What is expected:
Without pictures, repeat exactly the lines from the one containing "Gorgeous Women Peep" through the end of the entries.

::: Available records :::

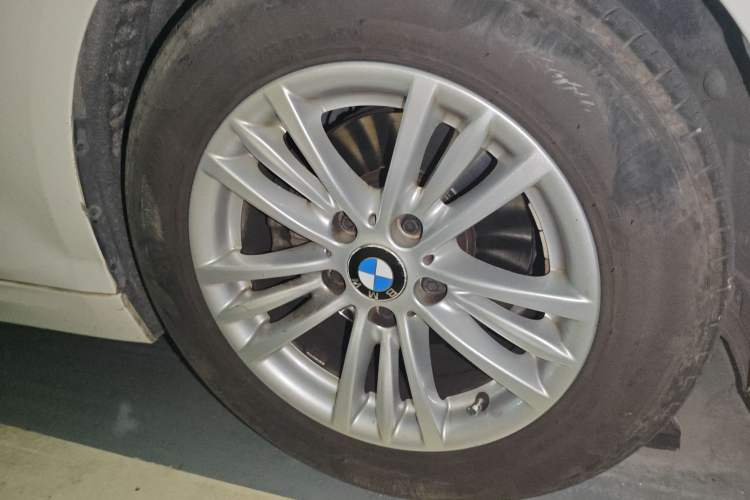 Used BMW 3 Series 2014 320Li Fashion Model
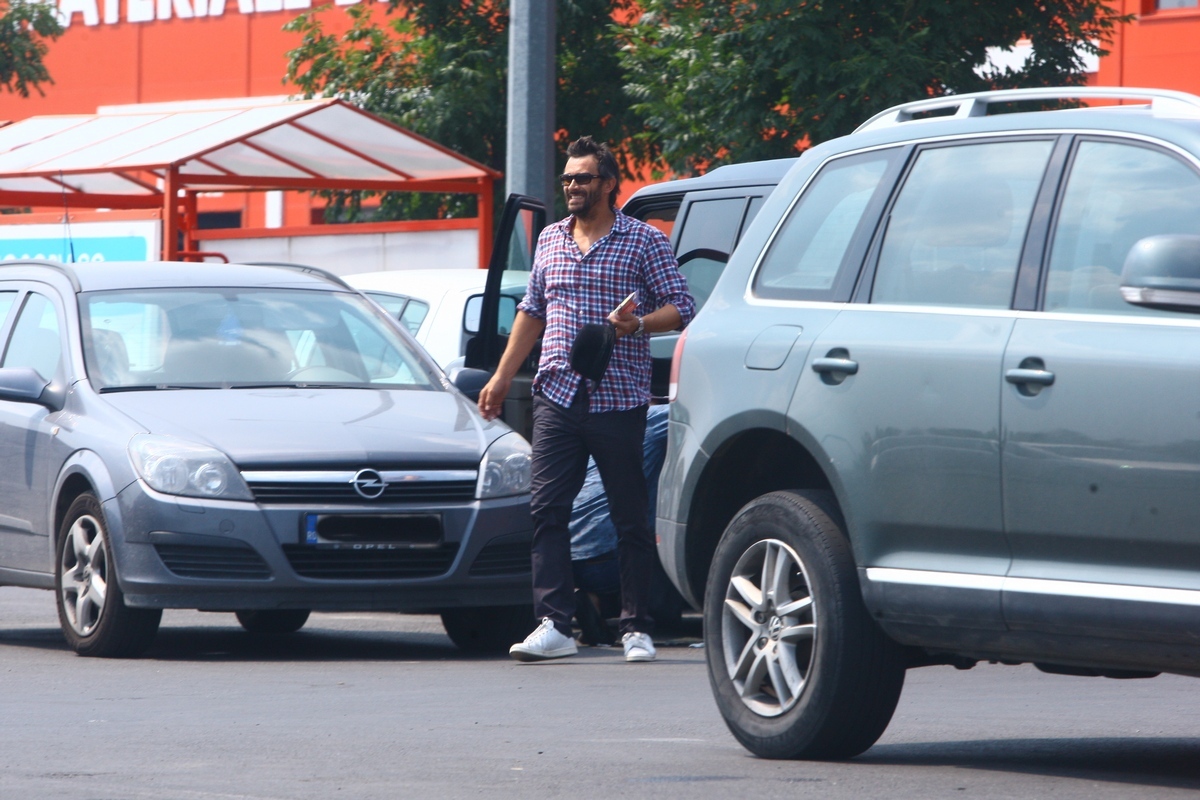 Cel mai probabil tanarul a vrut sa il convinga ca markerul ascunde foarte bine zgarieturile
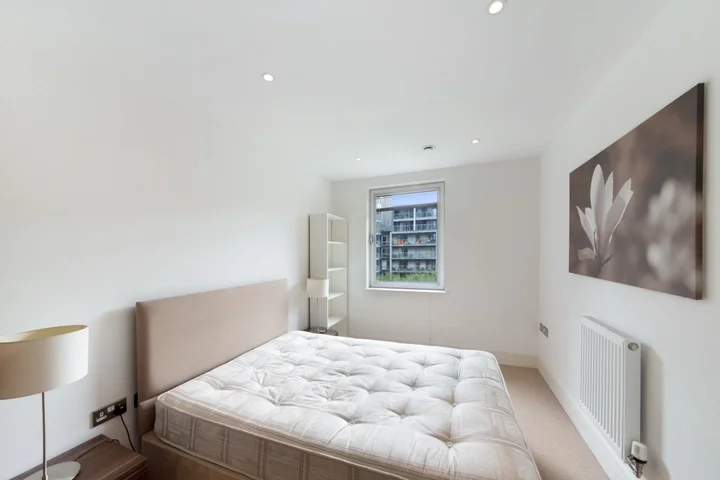 Flat Lincoln Plaza in Greater London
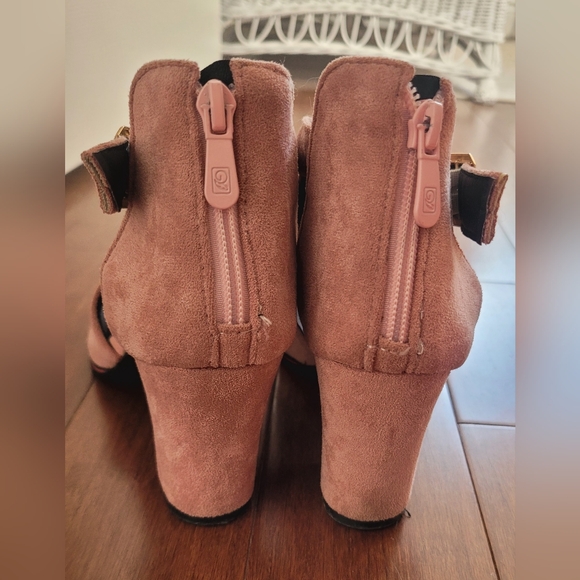 Gorgeous Women Peep Toe Chunky Heeled Sandal Boots - Picture 7 of 8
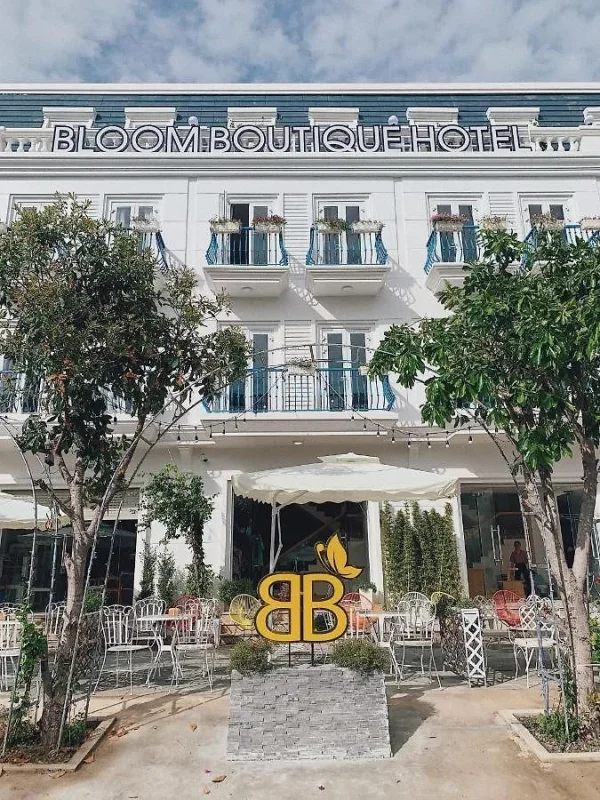 Khách sạn Bloom Boutique Hotel Quảng Bình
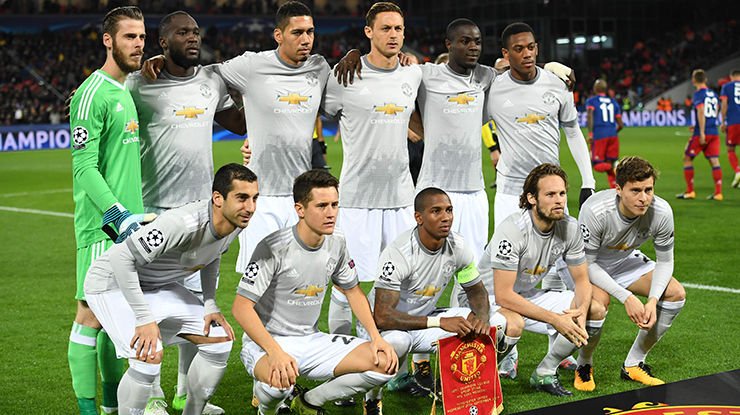 1. Manchester United - Puan: 12.00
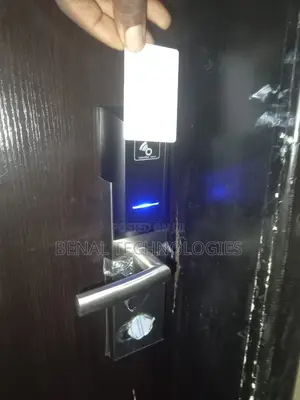Card-Based Locking Redefined With Hotel Software Tools.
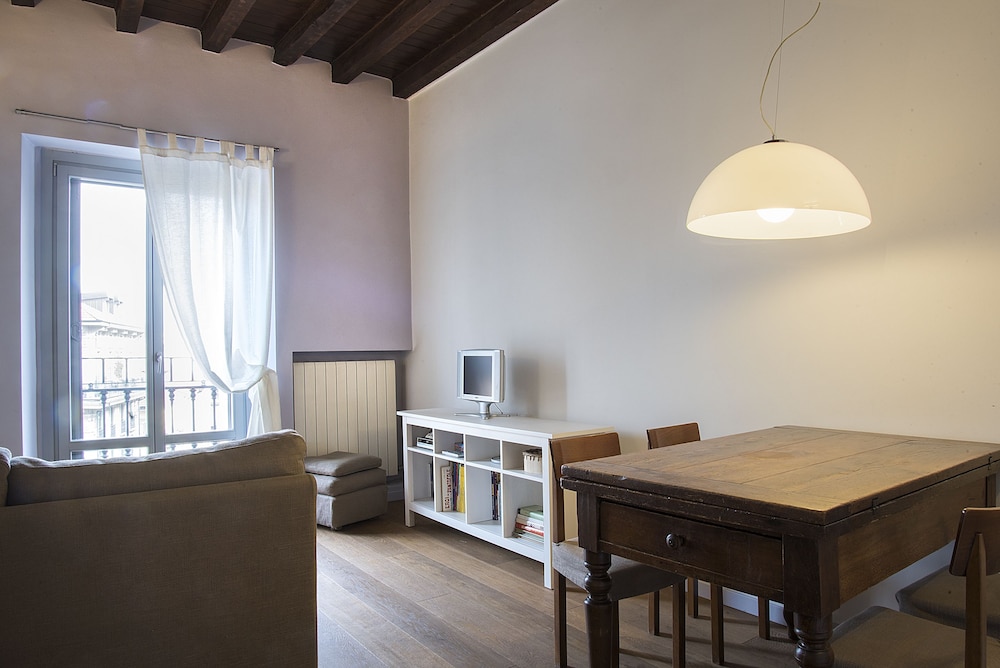 Easyhomes - Porta Venezia Oberdan 13/24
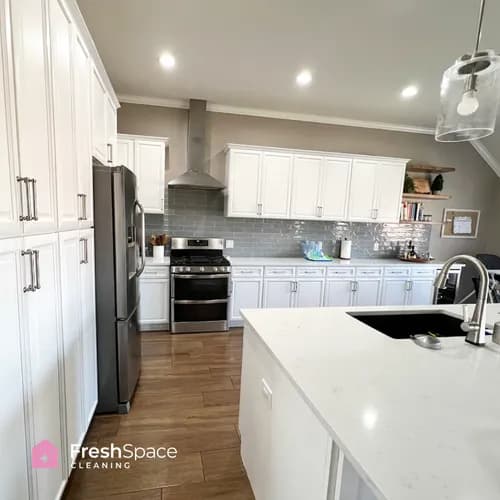 FreshSpace Cleaning Cleveland - Photo 3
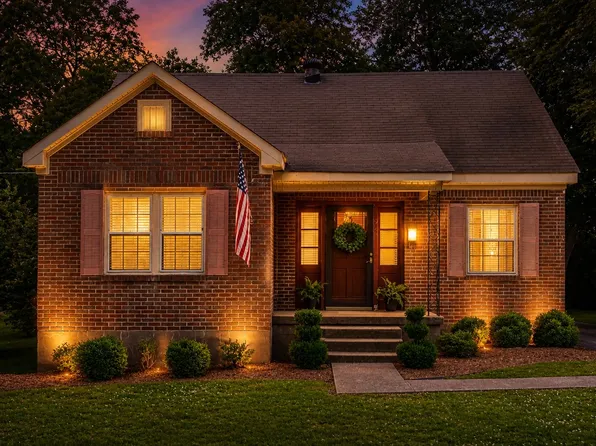 572 Hawkins Dr, Gallatin, TN 37066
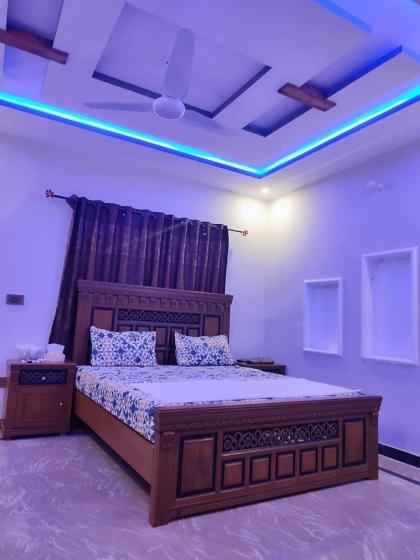 Fasil-Town Rooms Near Isb Air port - image 14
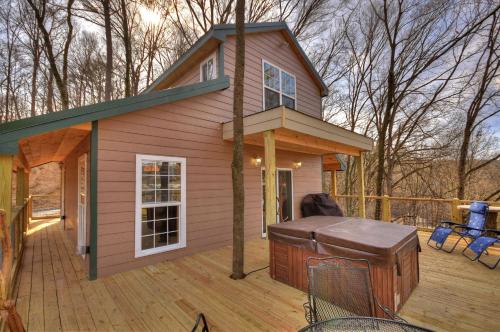 Treehouse Ellijay Star5vacations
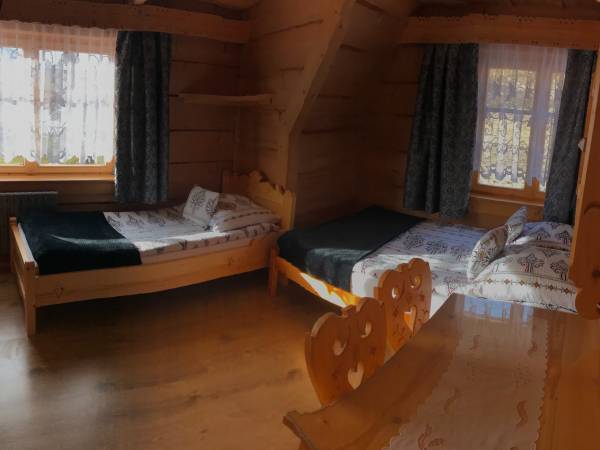 Pokój nr 2 z TV, łazienka 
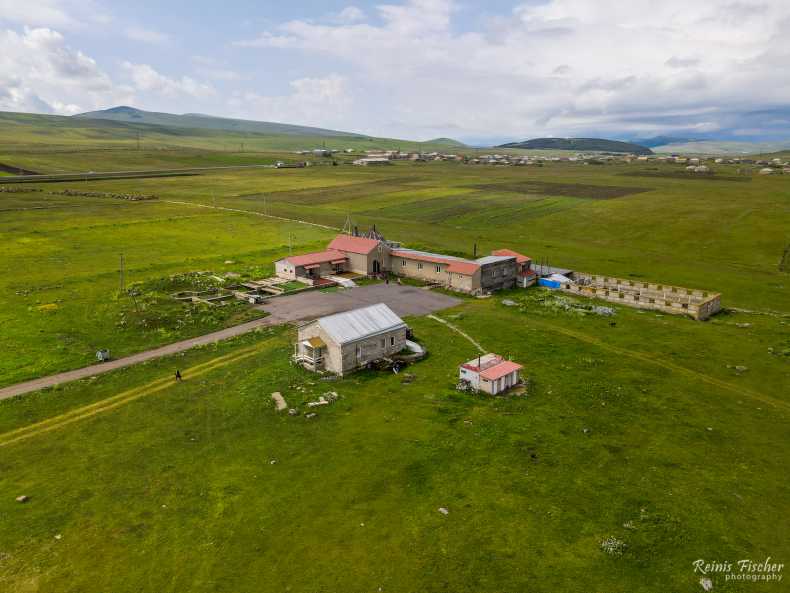 Mens monastery at Phoka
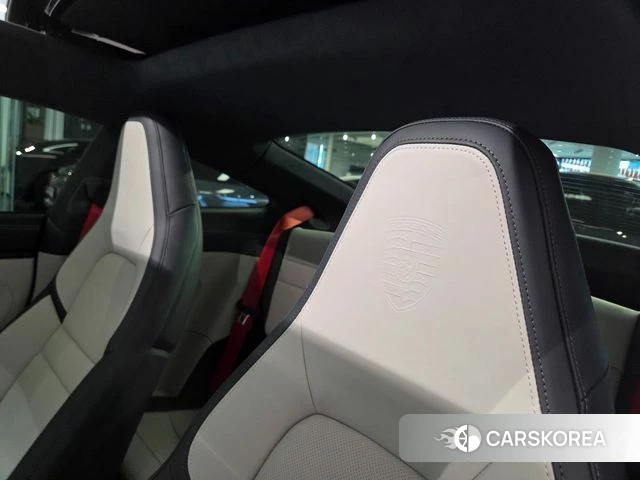 Porsche 911(992) 2025 Черный из Кореи, фото 6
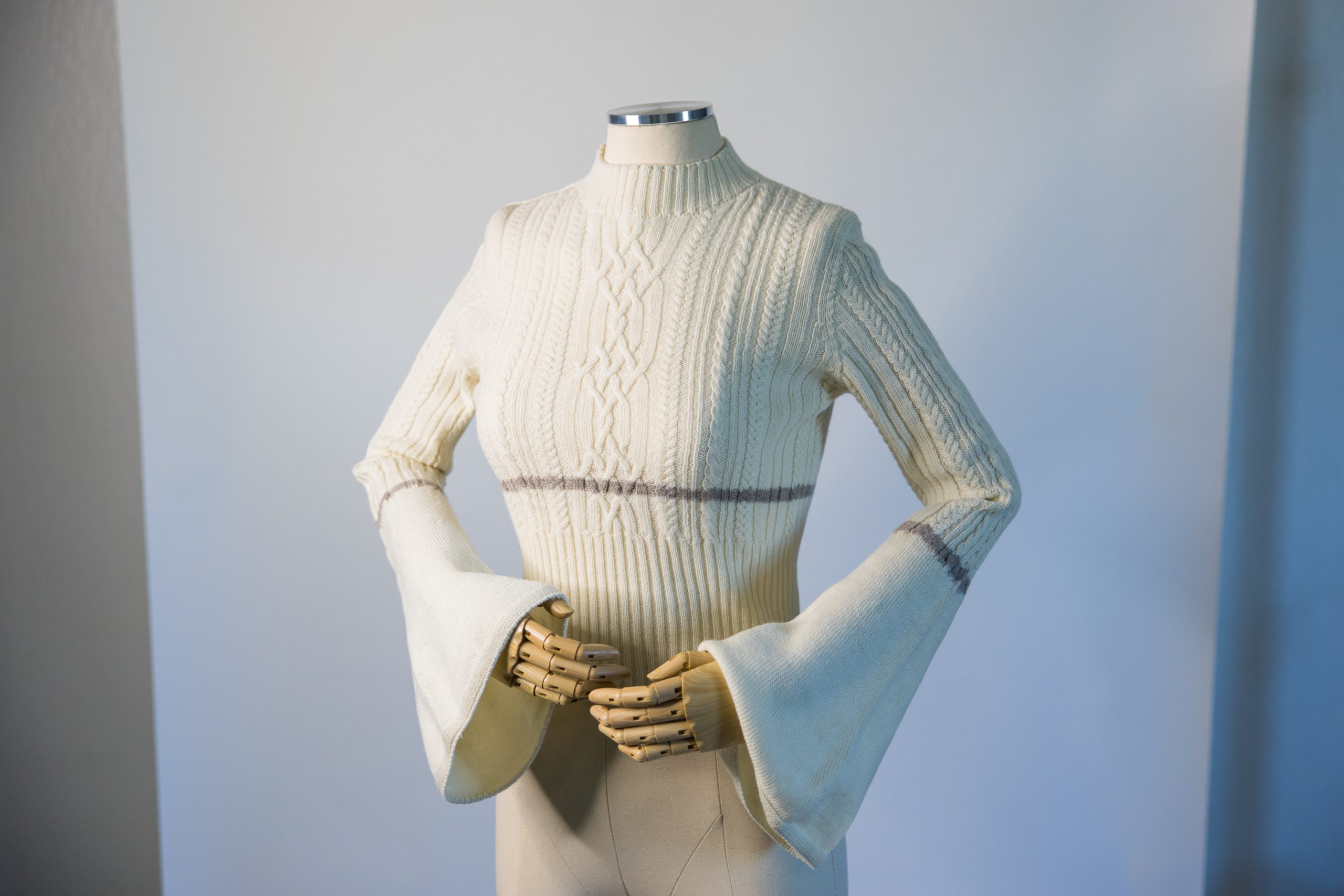 Multi cable fine knit Wholegarment wool white sweater with a grey stripe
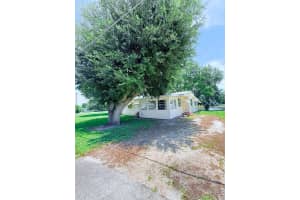 1025 Ash Circle, Okeechobee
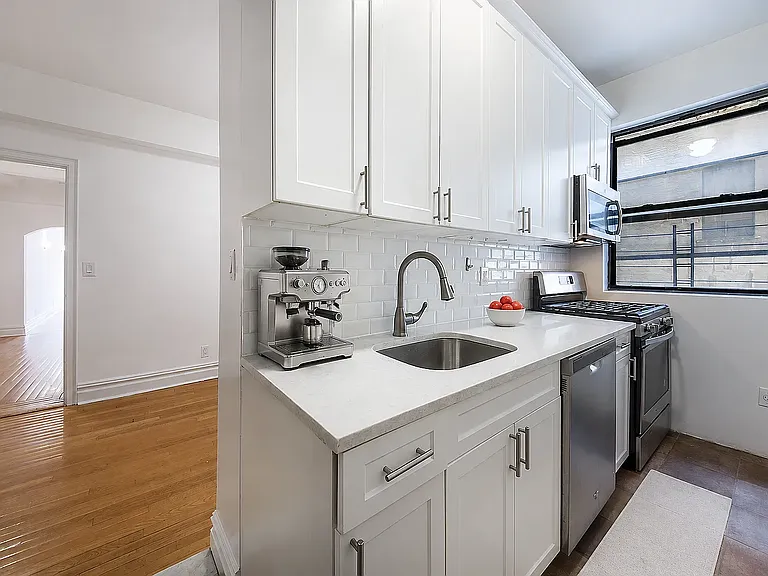 27 W 96th St #5F — Photo 2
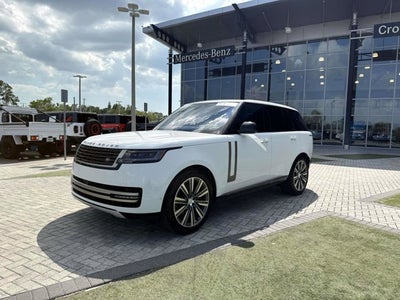 2023 Land Rover Range Rover SE
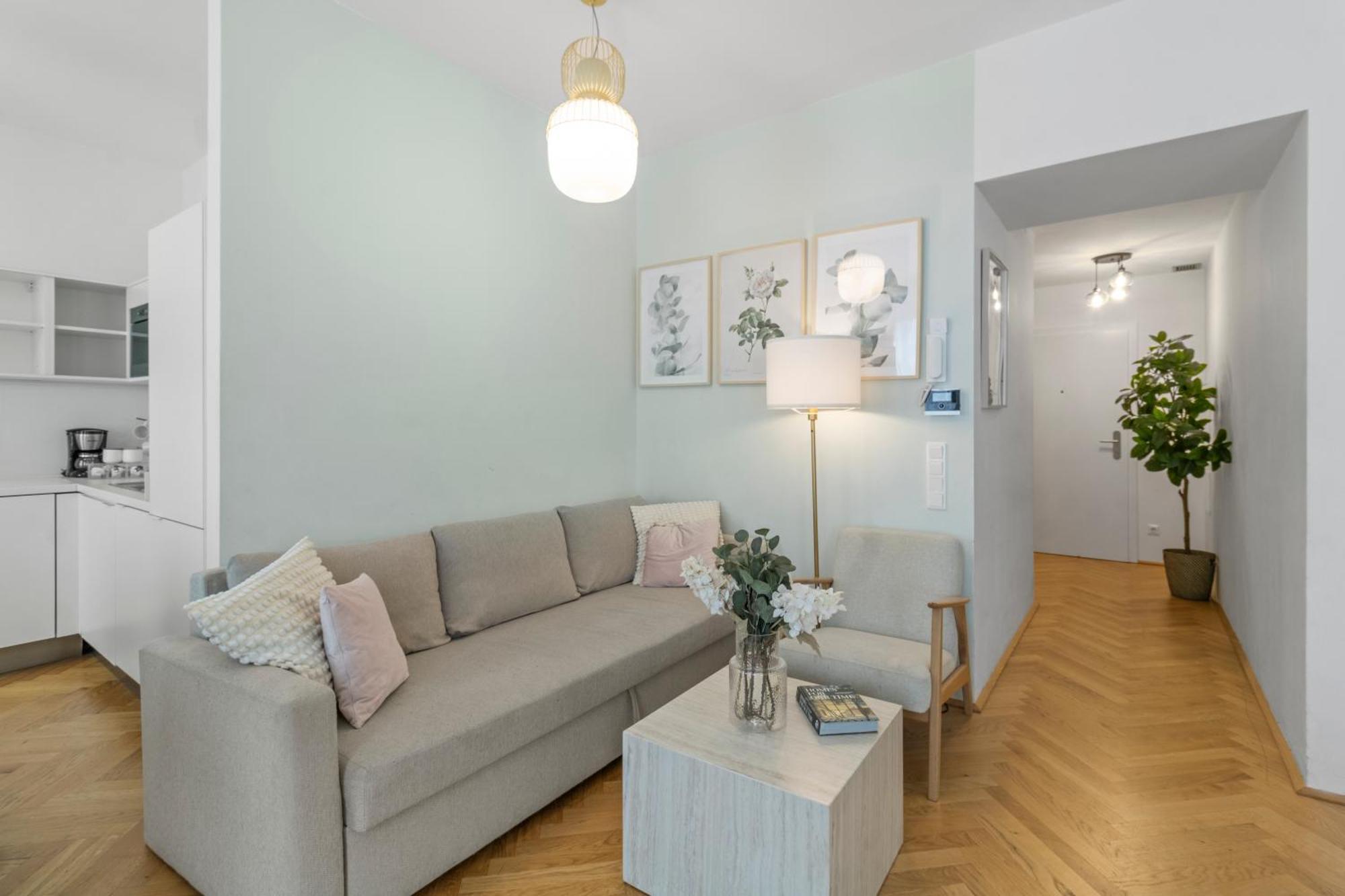 Apartment, Two Metro Stations To Hauptbahnhof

:::

Response below:
 Gorgeous Women Peep Toe Chunky Heeled Sandal Boots - Picture 7 of 8
 Khách sạn Bloom Boutique Hotel Quảng Bình
 1. Manchester United - Puan: 12.00
Card-Based Locking Redefined With Hotel Software Tools.
 Easyhomes - Porta Venezia Oberdan 13/24
 FreshSpace Cleaning Cleveland - Photo 3
 572 Hawkins Dr, Gallatin, TN 37066
 Fasil-Town Rooms Near Isb Air port - image 14
 Treehouse Ellijay Star5vacations
 Pokój nr 2 z TV, łazienka 
 Mens monastery at Phoka
 Porsche 911(992) 2025 Черный из Кореи, фото 6
 Multi cable fine knit Wholegarment wool white sweater with a grey stripe
 1025 Ash Circle, Okeechobee
 27 W 96th St #5F — Photo 2
 2023 Land Rover Range Rover SE
 Apartment, Two Metro Stations To Hauptbahnhof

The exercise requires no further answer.